Redis源码剖析之压缩列表(ziplist)

本来打算只用一篇文章来讲解Redis中的list，在实际写作过程中发现Redis中有多种list的实现，所以准备拆成多篇文章，本文主要讲ziplist，ziplist也是quicklist的基础。另外还有skiplist，skiplist虽然是list，当主要和set命令相关，所以会放到后面。
本文主要涉及到的源码在ziplist.c

何为ziplist？我们可以在ziplist.c源码头部找到一段Redis作者的一段介绍。

The ziplist is a specially encoded dually linked list that is designed to be very memory efficient. It stores both strings and integer values, where integers are encoded as actual integers instead of a series of characters. It allows push and pop operations on either side of the list in O(1) time.However, because every operation requires a reallocation of the memory used by the ziplist, the actual complexity is related to the amount of memory used by the ziplist.

ziplist是为了提高存储效率而设计的一种特殊编码的双向链表。它可以存储字符串或者整数，存储整数时是采用整数的二进制而不是字符串形式存储。他能在O(1)的时间复杂度下完成list两端的push和pop操作。但是因为每次操作都需要重新分配ziplist的内存，所以实际复杂度和ziplist的内存使用量相关。

前半句还好理解，但每次操作都需要重新分配内存…… 就有点耐人寻味了。
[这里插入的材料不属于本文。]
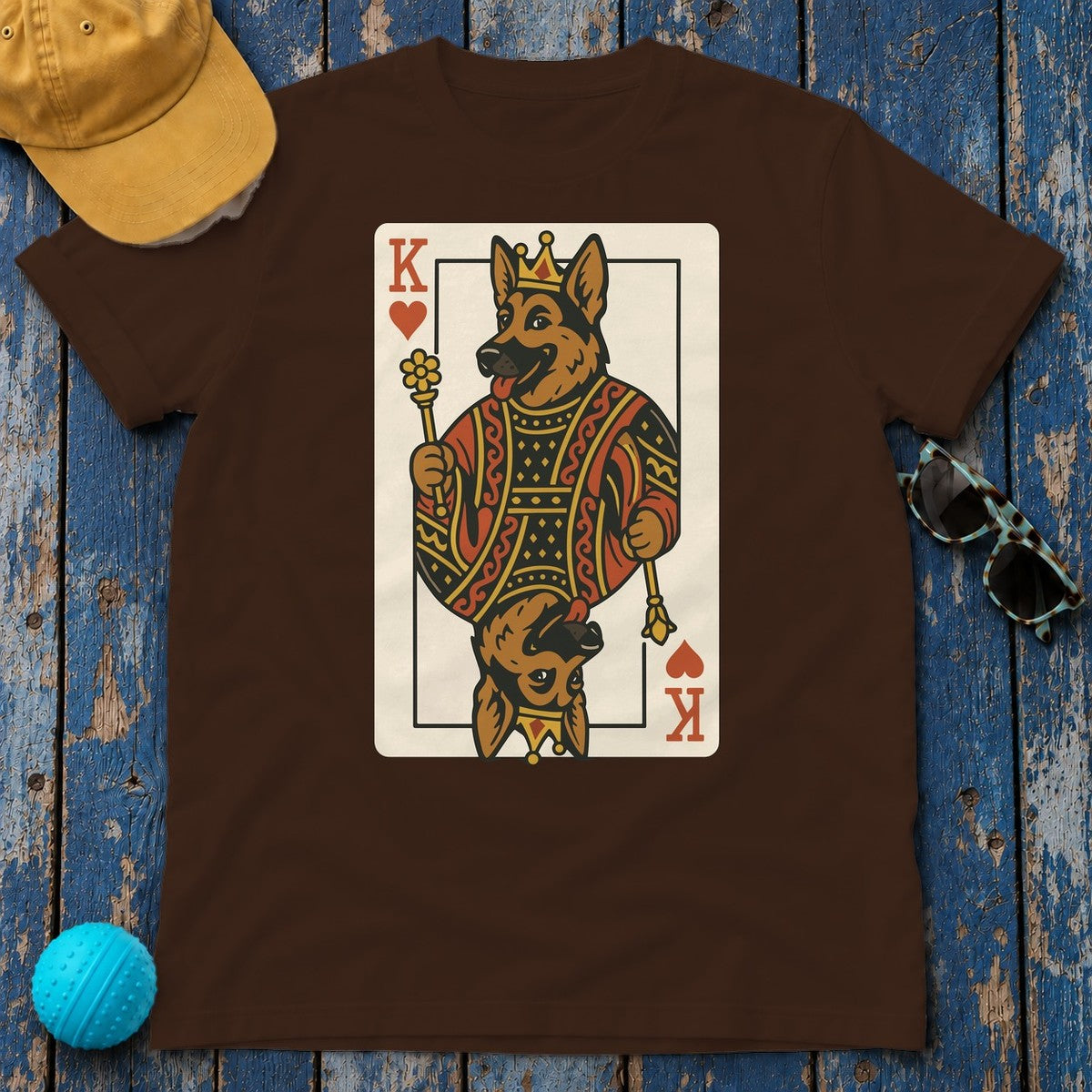 King German Shepherd Playing Card Game Design T-Shirt in Dark Chocolate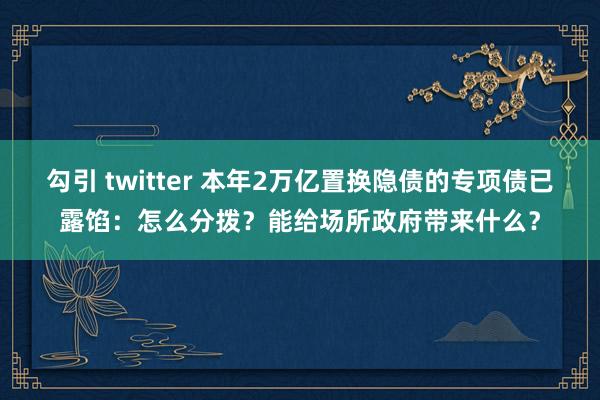 勾引 twitter 本年2万亿置换隐债的专项债已露馅：怎么分拨？能给场所政府带来什么？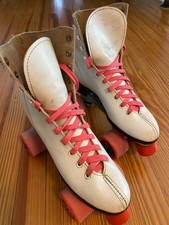 Vintage Roller Derby Women  s Size 9 White Quad Skates Crusher Pink Wheels 965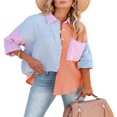 thumbnail image 1 of MesaSe Blouse pour Femmes Couture Contrastée Manches Longues Col à Revers Fermeture à Boutons Chemise Décontractée Ample Polyvalente, 1 of 6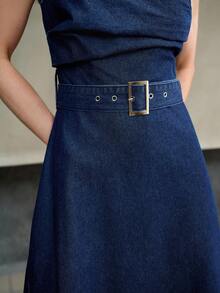 MOTF PREMIUM SPRING/SUMMER WOMEN'S ASYMMETRIC PLEATED WAIST FLARED DENIM DRESS - Blue - View 6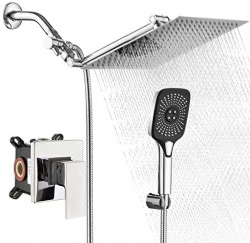 Amazon Hot Selling Wall mounted high Pressure Stainless Steel Rainfall Shower Head/Chrome Handheld Shower Set with 11'' Extension Arm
别急，你看完ziplist的具体实现就懂了。

ziplist在逻辑上是个双向链表，但它是存储在一大块连续的内存空间上的。与其说ziplist是个数据结构，倒不如说他是Redis中双向链表的序列化存储方式。

ziplist结构

整个ziplist在内存中的存储格式如下：
在这里插入图片描述
ziplist主要有这么几个部分：

zlbytes: 32位无符号整型，表示整个ziplist所占的空间大小，包含了zlbytes所占的4个字节。
这个字段可以在重置整个ziplist大小时不需要遍历整个list来确定大小，空间换时间。
zltail: 32位无符号整型，表示整个list中最后一项所在的偏移量，方便在尾部做pop操作。
zllen: 16位，表示ziplist中所存储的entry数量，但是注意，这里最多表示$2^{16} -2$个entry，如果是$2^{16}-1$有特殊含义，$2^{16}-1$表示存储数量超过了$2^{16}-2$个，但具体是多少个得遍历一次才能知道。
zlend: 8位，ziplist的末尾表示，值固定是255.
entry: 不定长，可能有多个，list中具体的数据项，下面会详细介绍。

entry

这里最核心的就是entry的数据格式，entry还真有些复杂，从上图中可以看出它主要有三个部分。
- prelen: 前一个entry的存储大小，主要是为了方便从后往前遍历。
- encoding: 数据的编码形式（字符串还是数字，长度是多少）
- data: 实际存储的数据

比较复杂的是Redis为了节省内存空间，对上面三个字段设计了一套比较复杂的编码方式，本质上就是一套变长的编码协议，具体规则如下：

prelen

如果prelen数值小于254，那就只用一个字节来表示长度，如果长度大于等于254就用5个字节，第一个字节是固定值254(FE)来标识这是个特殊的数据，剩下的4个字节来表示实际的长度。

encoding

encoding的具体值取决于entry中具体的内容，当entry是个string时，encoding的前两字节存储了字符串的长度。当entry是一个整数的时候，前两字节默认都是1，后面两字节标识出后面存的是哪种类型的整数，第一个字节就足够判断出entry是什么类型了。不同的encoding类型示例如下:

|00pppppp| - 1字节

长度小于或者等于63的String类型，'pppppp'无符号6位数标识string长度。
|01pppppp|qqqqqqqq| - 2字节

长度小于或者等于16383的String类型(14位)，注意：14位'pppppp'采用大端的方式存储
|10000000|qqqqqqqq|rrrrrrrr|ssssssss|tttttttt| - 5字节

长度大于等于16384的String类型，第二字节开始的qqrrsstt都是用来存储字符串长度的二进制位，可表示的字符串长度最大2^32-1，第一字节的低6位没有用，所以都是0。
注意: 32位数采用大端的方式存储
|11000000| - 3字节

存储int16_t (2字节).
|11010000| - 5字节

存储int32_t (4字节).
|11100000| - 9字节

存储int64_t (8字节).
|11110000| - 4字节

24位有符号类型整数 (3字节).
|11111110| - 2字节
8位有符号类型整数 (1字节).
- |1111xxxx| - (xxxx在0001和1101之间) 4位无符号整数.
  0到12的无符号整数.编码值实际上是从1到13，因为0000和1111不能使用，要留出一位表示0，所以应该从编码值中减去1才是准确值

在某些比较小的数值下，具体值可以直接存储到encoding字段里。

ziplist的API

ziplist.c代码也较多，双链表操作很多代码在ziplist中比较多，其实本质上都是它这复杂的存储格式导致的，实际上理解了它的编码格式，具体代码不难理解。这里我只列出几个我认为比较重要的API，其他可以参考源码ziplist.c。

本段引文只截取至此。